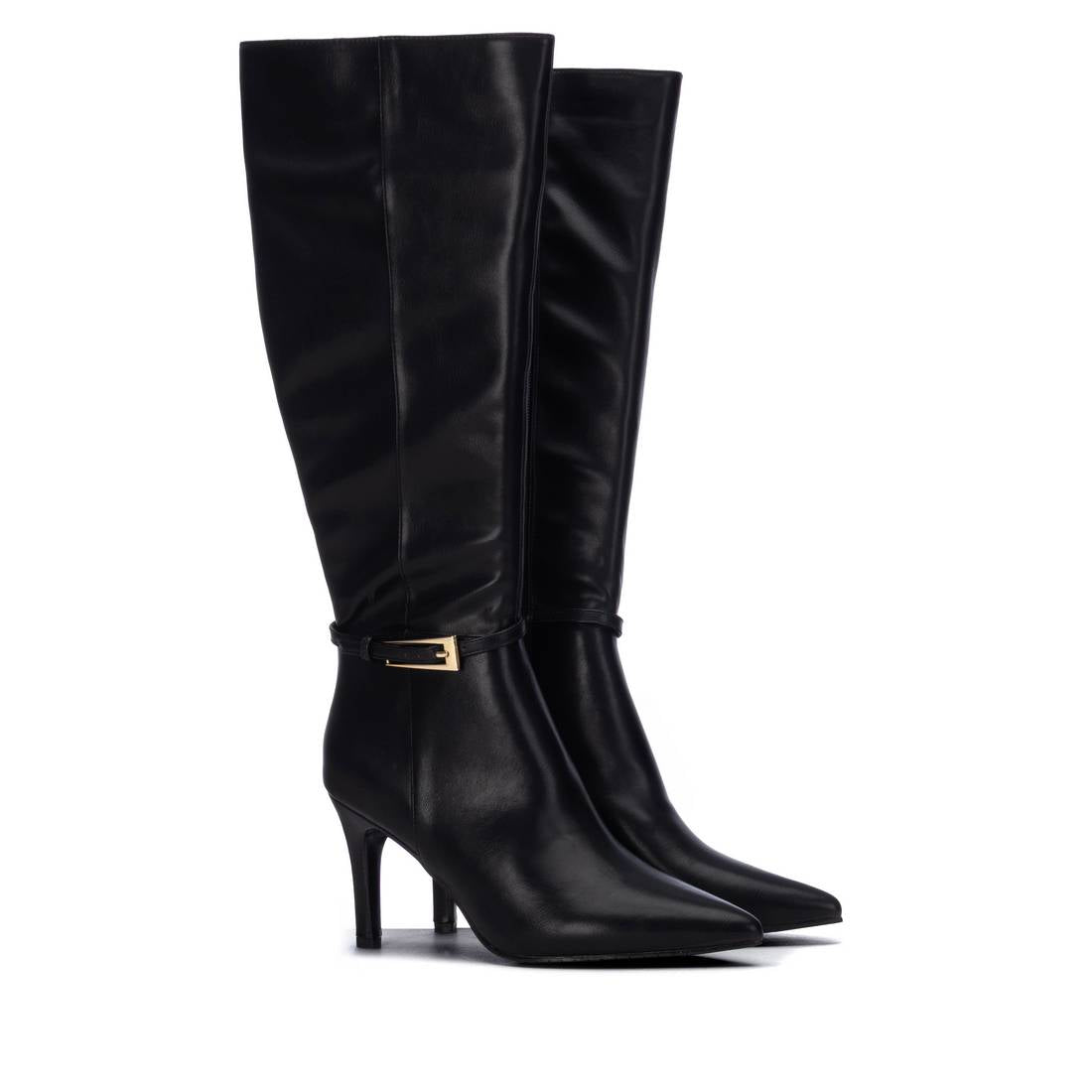 Women's Pointed Toe Tall Boots 146466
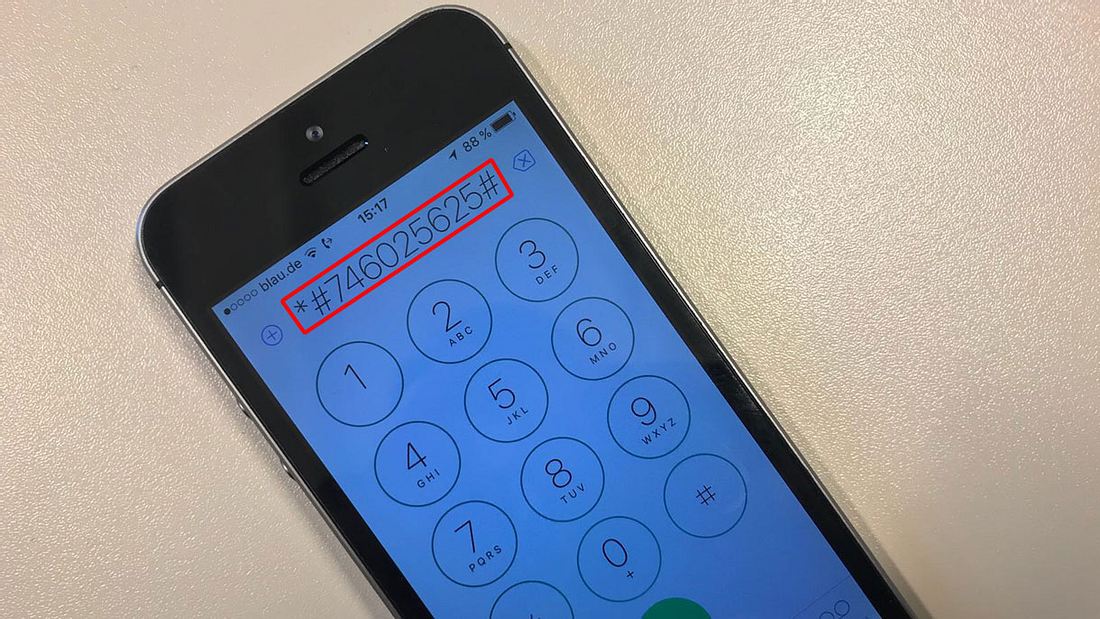 Geheimcodes für das iPhone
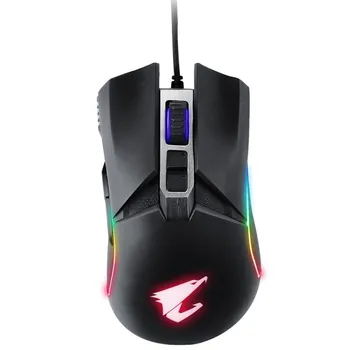 

Gigabyte AORUS M5 mouse USB Optical 16000 DPI right hand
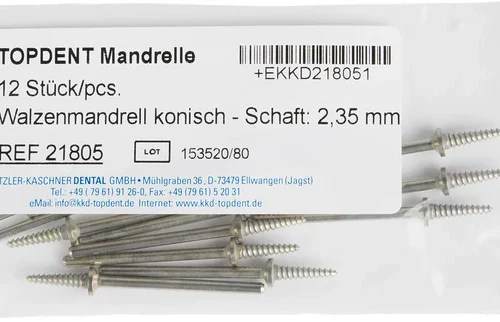 TOPDENT rullespindel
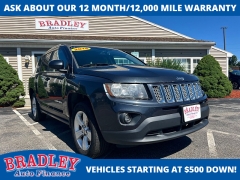  2014 Jeep Compass 4d SUV 4WD Latitude at Bradley Auto Finance near Hudson&comma; NH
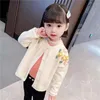 Jackor Girls Coat Jacket Kinted For Casual Style Kids Sweater Spring Autumn Clothes Girl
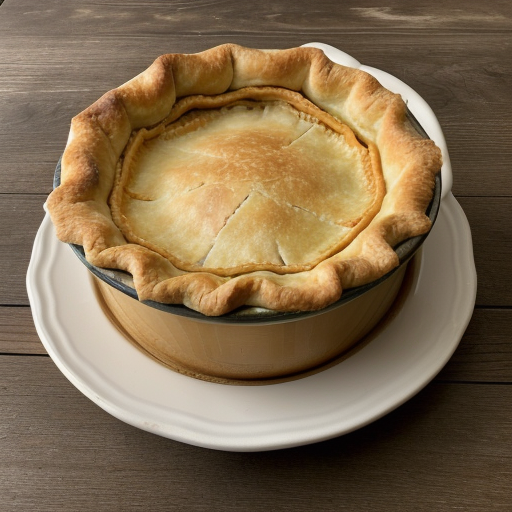 Seafood Pot Pie recipe image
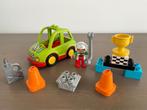 Duplo 10589 - Rally auto Set, Ophalen of Verzenden, Gebruikt, Complete set, Duplo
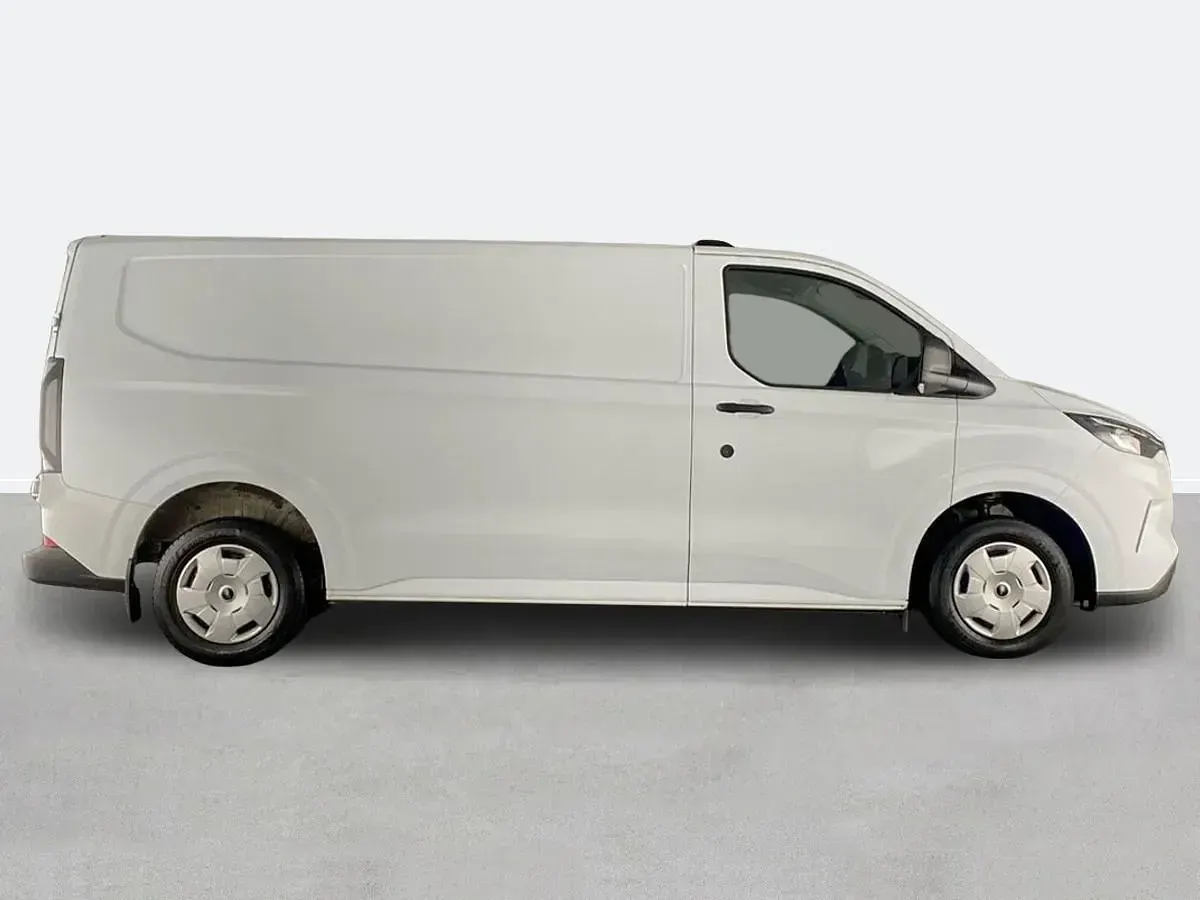 Used Ford Transit Custom Trend 110 HP (80 kW) 2024 White Van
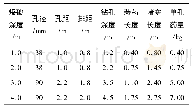 表2 浅孔控制爆破的爆破参数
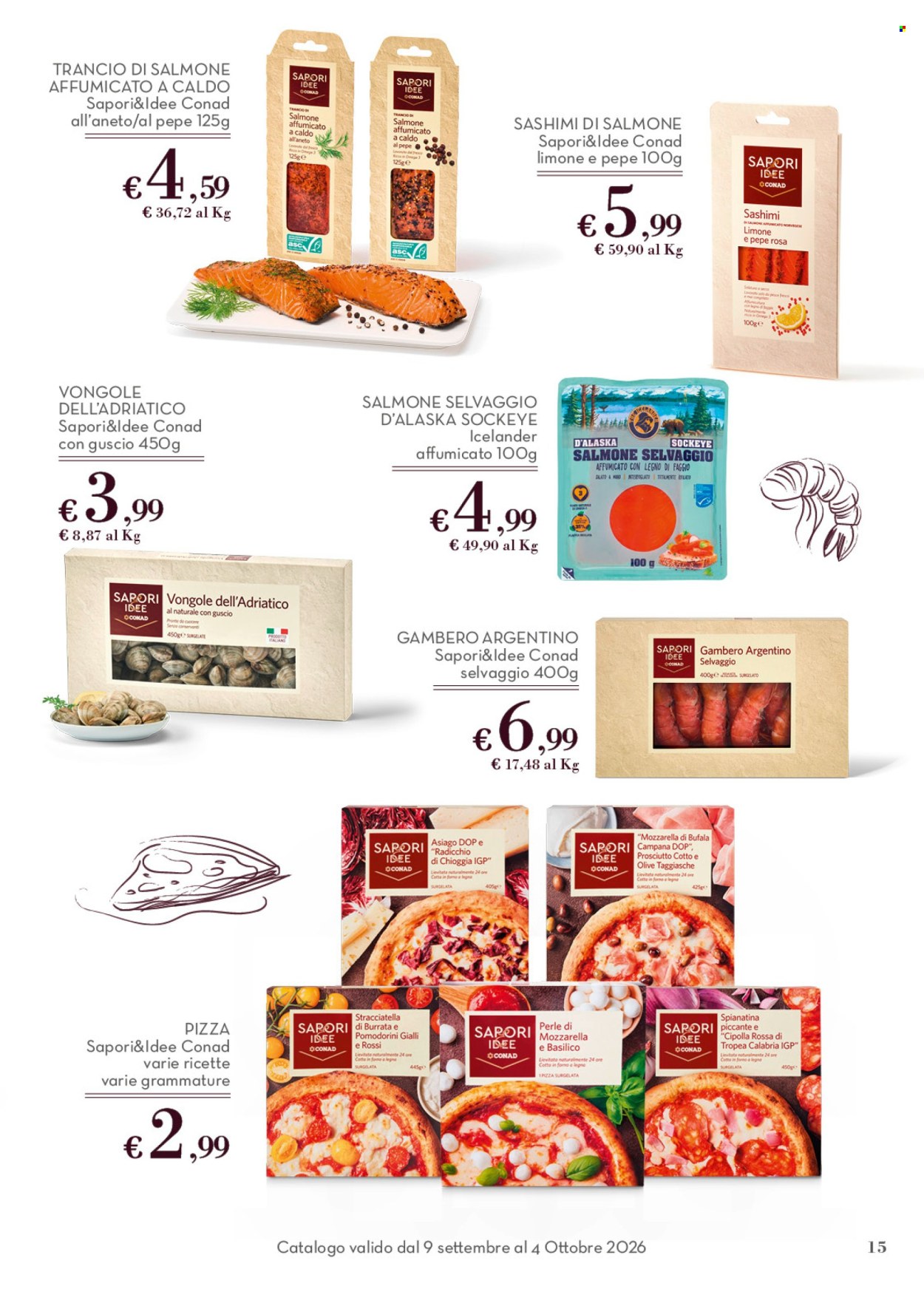 Volantino Conad - 9/9/2026 - 4/10/2026. Pagina 15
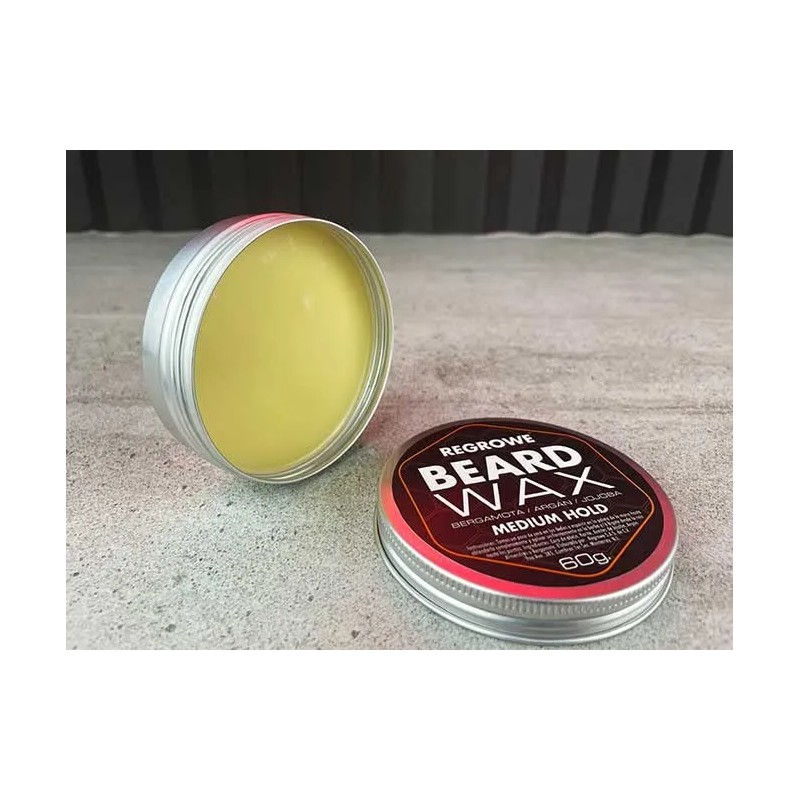 Regrowe Beard Wax - Cera Para Barba Y Bigote |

### [Task item]
Return the material above verbatim, minus the pictures.

### [Result for this task]
 Women's Pointed Toe Tall Boots 146466
 Geheimcodes für das iPhone

Gigabyte AORUS M5 mouse USB Optical 16000 DPI right hand
 TOPDENT rullespindel
  2014 Jeep Compass 4d SUV 4WD Latitude at Bradley Auto Finance near Hudson&comma; NH
 Jackor Girls Coat Jacket Kinted For Casual Style Kids Sweater Spring Autumn Clothes Girl
 Seafood Pot Pie recipe image
 Duplo 10589 - Rally auto Set, Ophalen of Verzenden, Gebruikt, Complete set, Duplo
 Used Ford Transit Custom Trend 110 HP (80 kW) 2024 White Van
 表2 浅孔控制爆破的爆破参数
 Volantino Conad - 9/9/2026 - 4/10/2026. Pagina 15
 Regrowe Beard Wax - Cera Para Barba Y Bigote |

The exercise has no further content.